- **PROVIDED DATA**

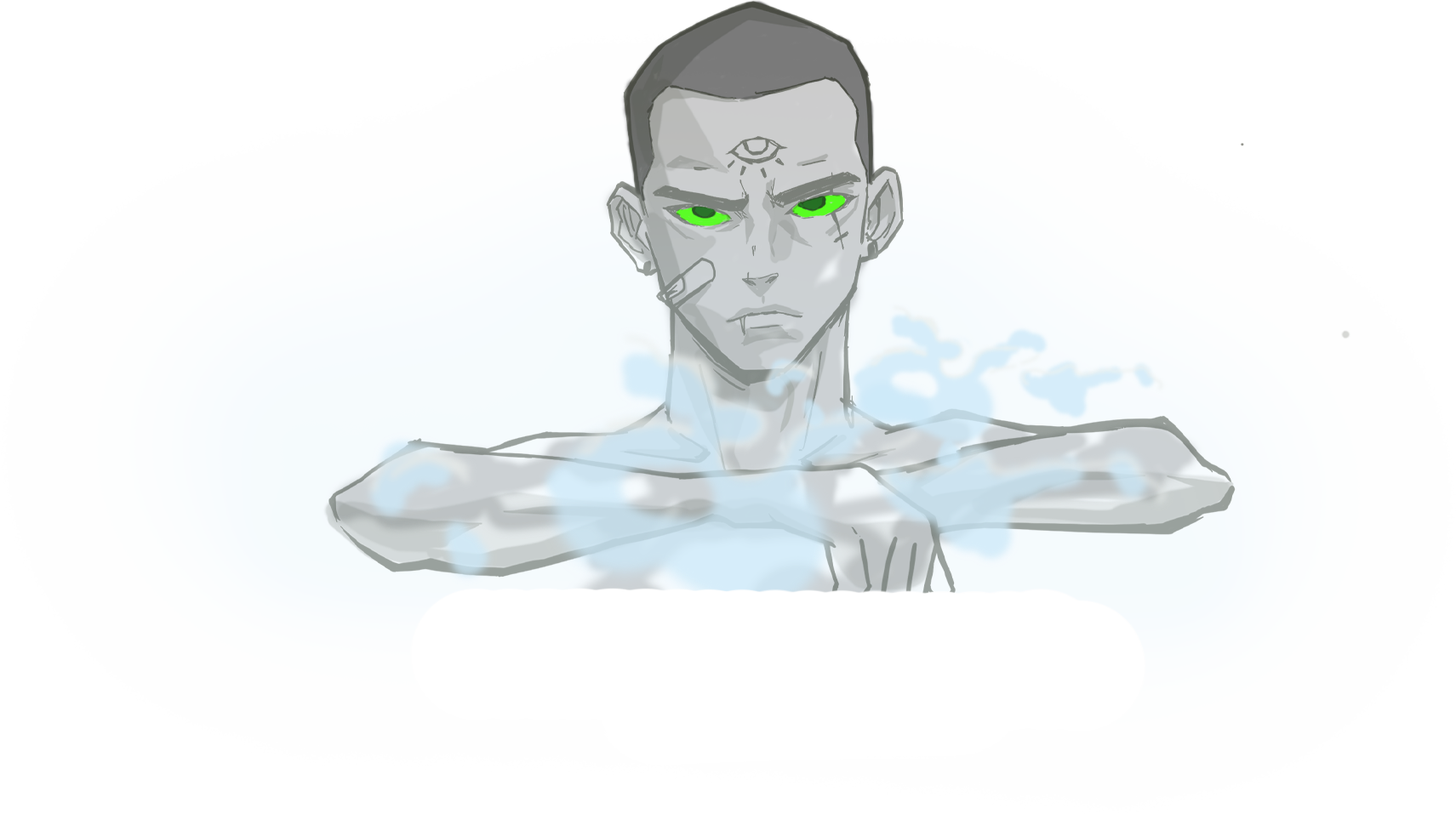 Man Character Layer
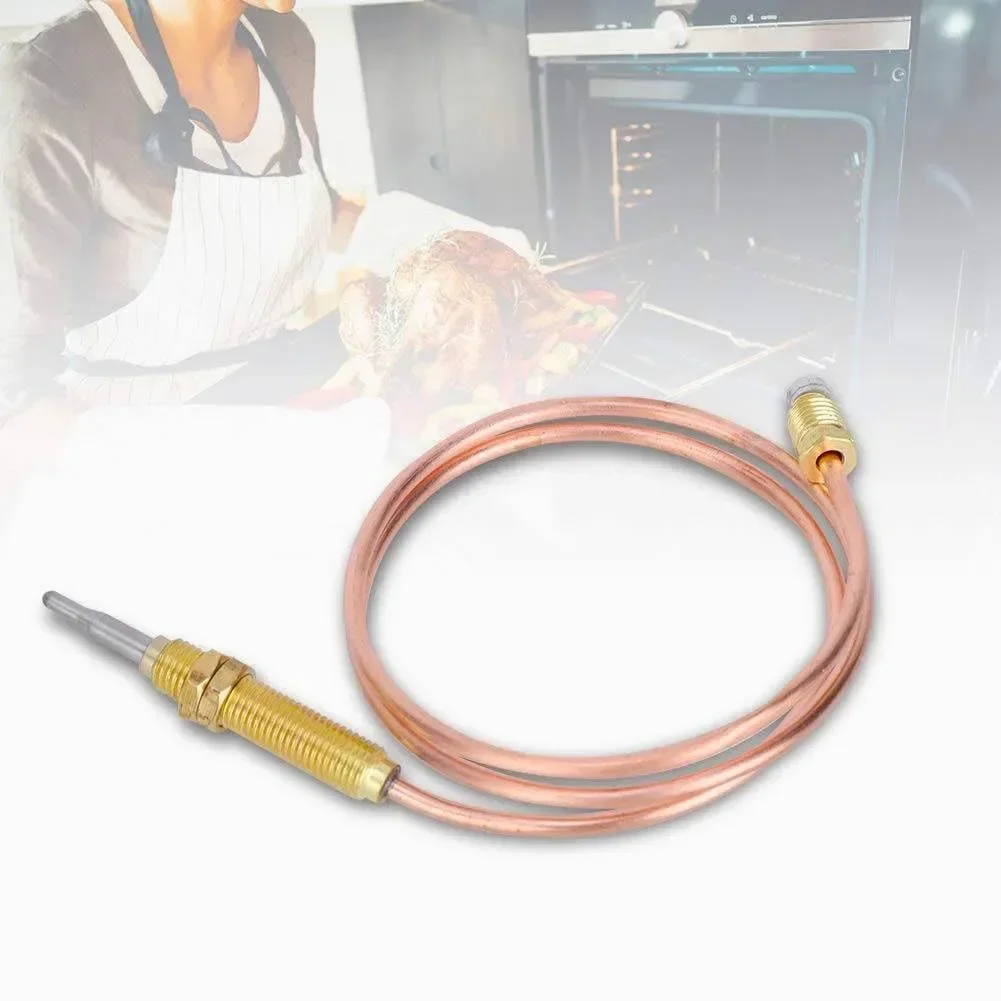 M8 Thermocouple Common Thread Probe For Gas Burners Fireplaces BBQ Accessories For Gas Stoves Heating Equipment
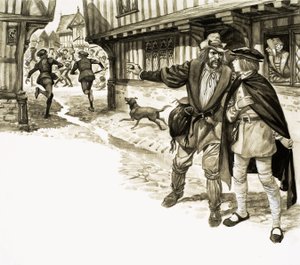 Un día en la vida de... un aprendiz de impresor: cuando el obispo quemó los libros de Peter Jackson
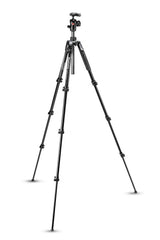 Manfrotto MKBFRLA4BK-BH tripod 3 leg(s) Black, Silver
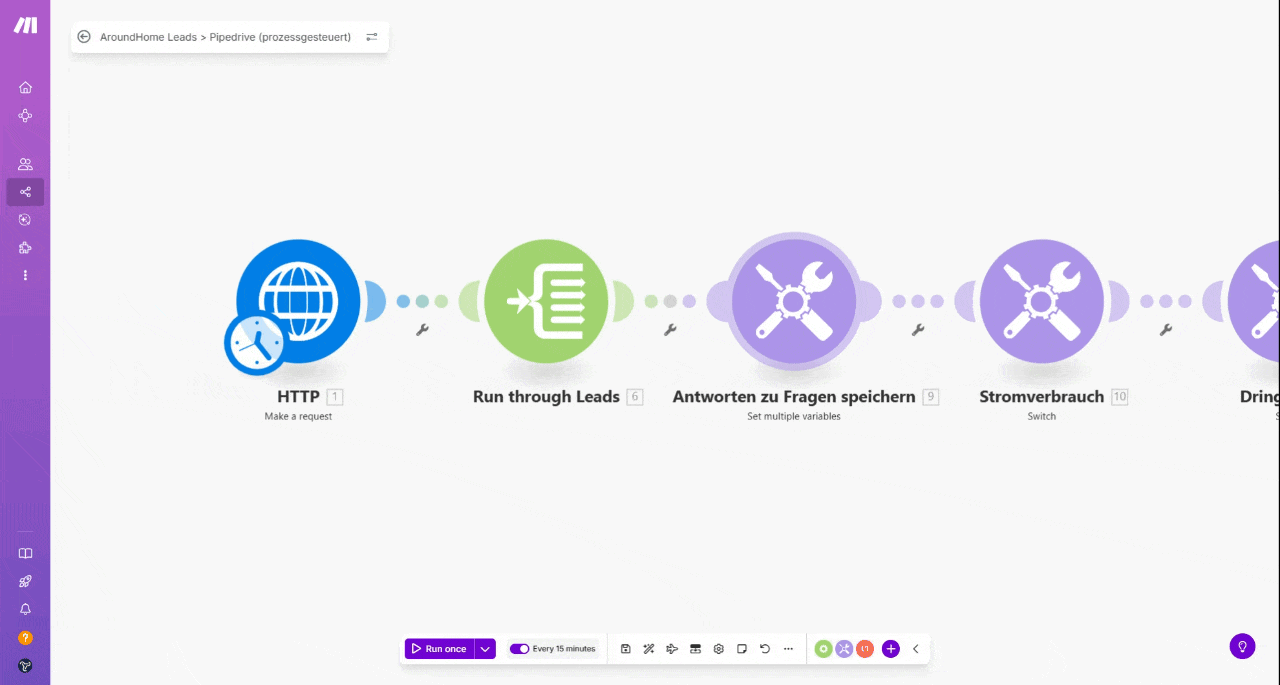 Make Custom HTTP Scenario Showcase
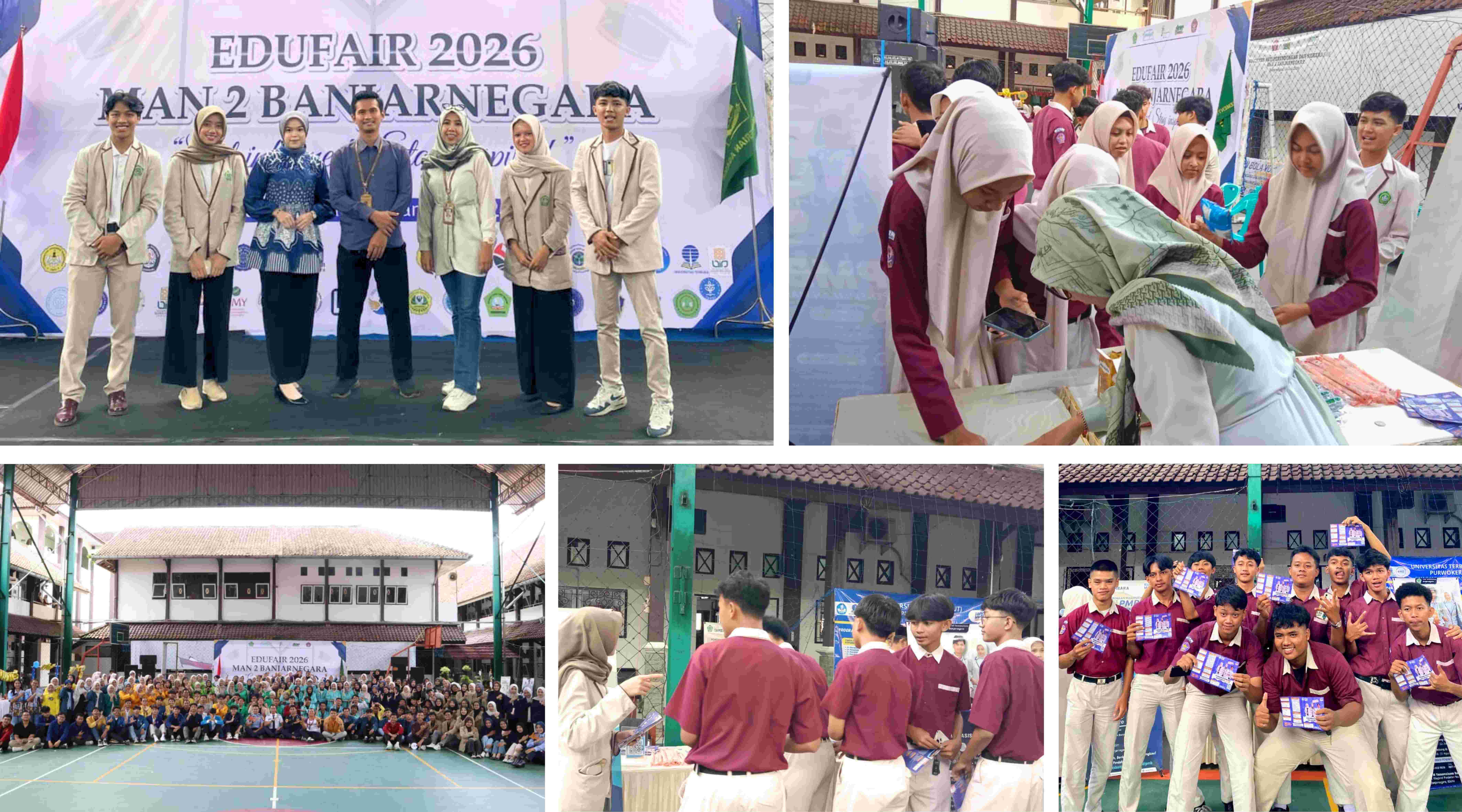 Kegiatan Edufair Penerimaan Mahasiswa Baru (PMB) STIE Tamansiswa Banjarnegara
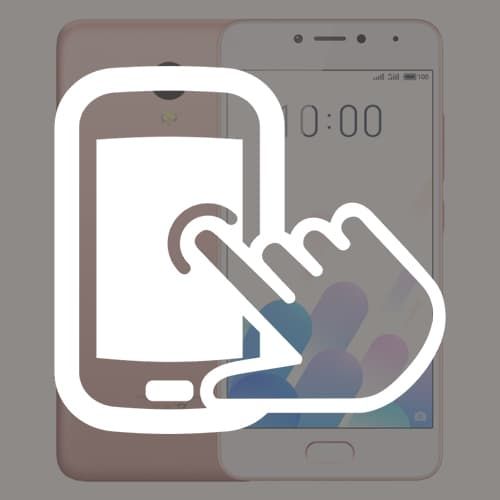 Замена тачскрина/сенсорного стекла Meizu M5c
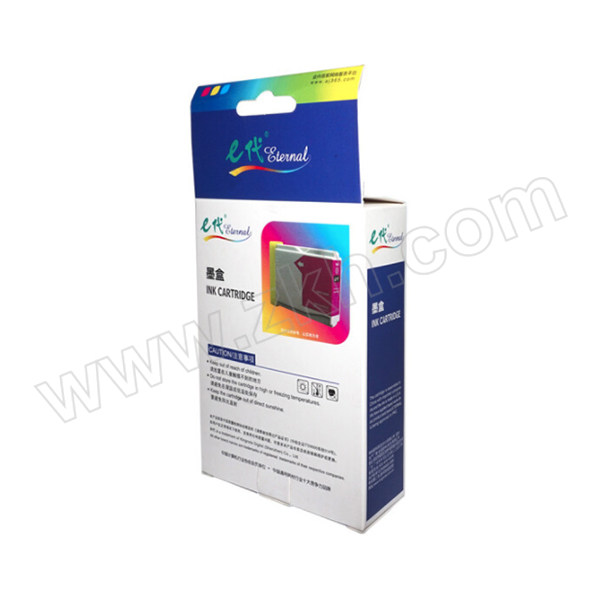 EDJD/E代经典 墨盒 e-960M 红色 适用兄弟DCP-130C/135C/150C/155C/157C/540CN/440CN/MFC240C/MFC665CW/MFC5460 1个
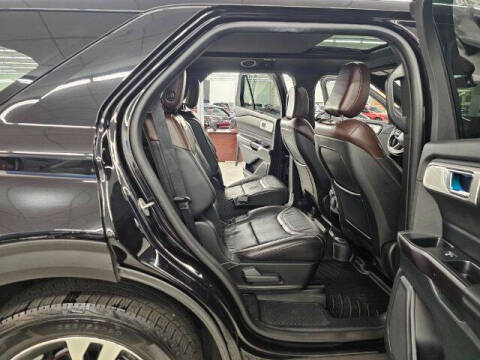 2020 Ford Explorer Platinum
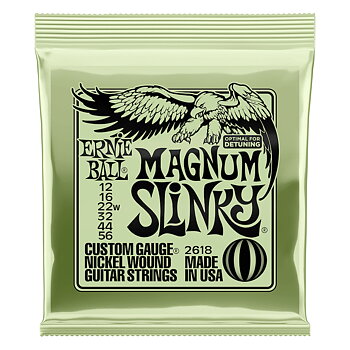 Ernie Ball Magnum Slinky 012-056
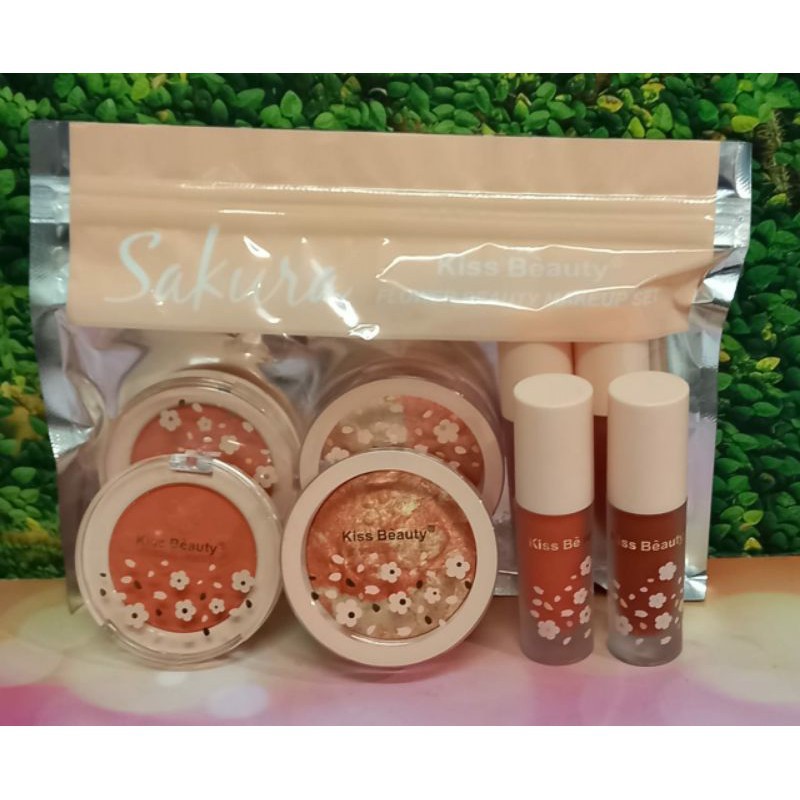 [PER PACK] PAKET MAKE UP KISS BEAUTY SAKURA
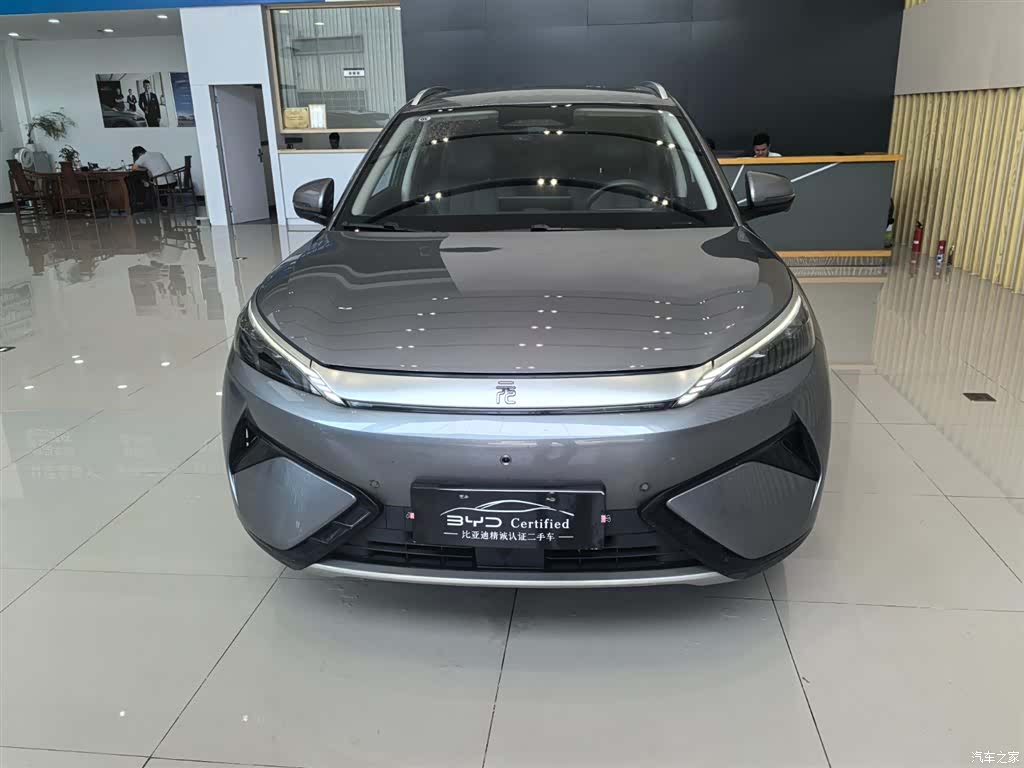 BYD Yuan, 2025 2
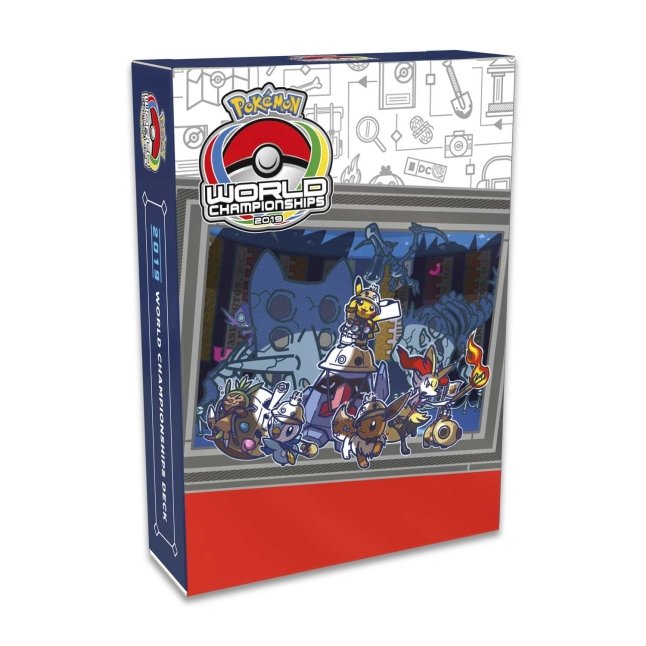 Pokemon TCG World Championship Deck - Geek-Is-Us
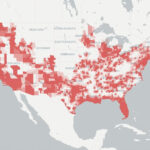 T Mobile Internet Service Broadbandnow T Mobile Coverage Map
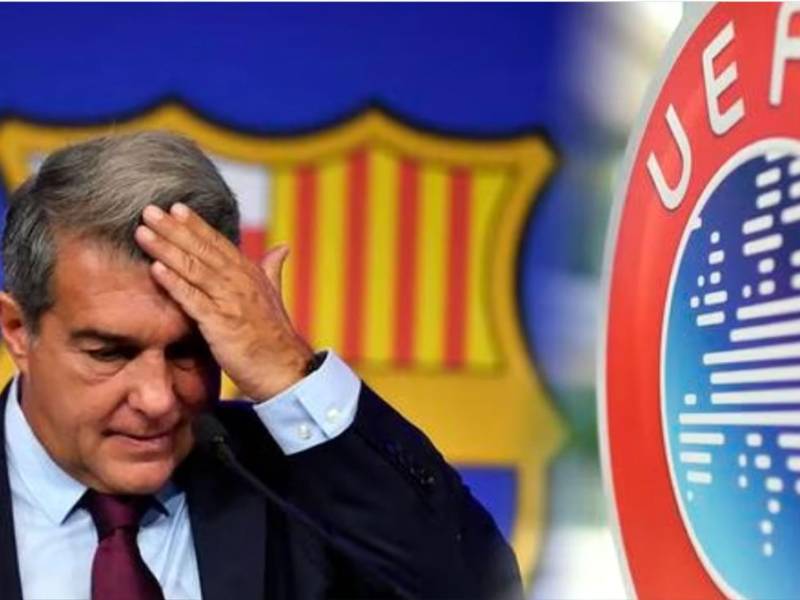 Inspectores de UEFA recomiendan dejar al Barça sin jugar Champions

- **WHAT IS EXPECTED**
When you reach the line containing "Make Custom HTTP Scenario Showcase" in the entries above, please retype it and each line after it through the last one, exactly, without the pictures.

- **EXERCISE RESPONSE**
 Make Custom HTTP Scenario Showcase
 Kegiatan Edufair Penerimaan Mahasiswa Baru (PMB) STIE Tamansiswa Banjarnegara
 Замена тачскрина/сенсорного стекла Meizu M5c
 EDJD/E代经典 墨盒 e-960M 红色 适用兄弟DCP-130C/135C/150C/155C/157C/540CN/440CN/MFC240C/MFC665CW/MFC5460 1个
 2020 Ford Explorer Platinum
 Ernie Ball Magnum Slinky 012-056
 [PER PACK] PAKET MAKE UP KISS BEAUTY SAKURA
 BYD Yuan, 2025 2
 Pokemon TCG World Championship Deck - Geek-Is-Us
 T Mobile Internet Service Broadbandnow T Mobile Coverage Map
 Inspectores de UEFA recomiendan dejar al Barça sin jugar Champions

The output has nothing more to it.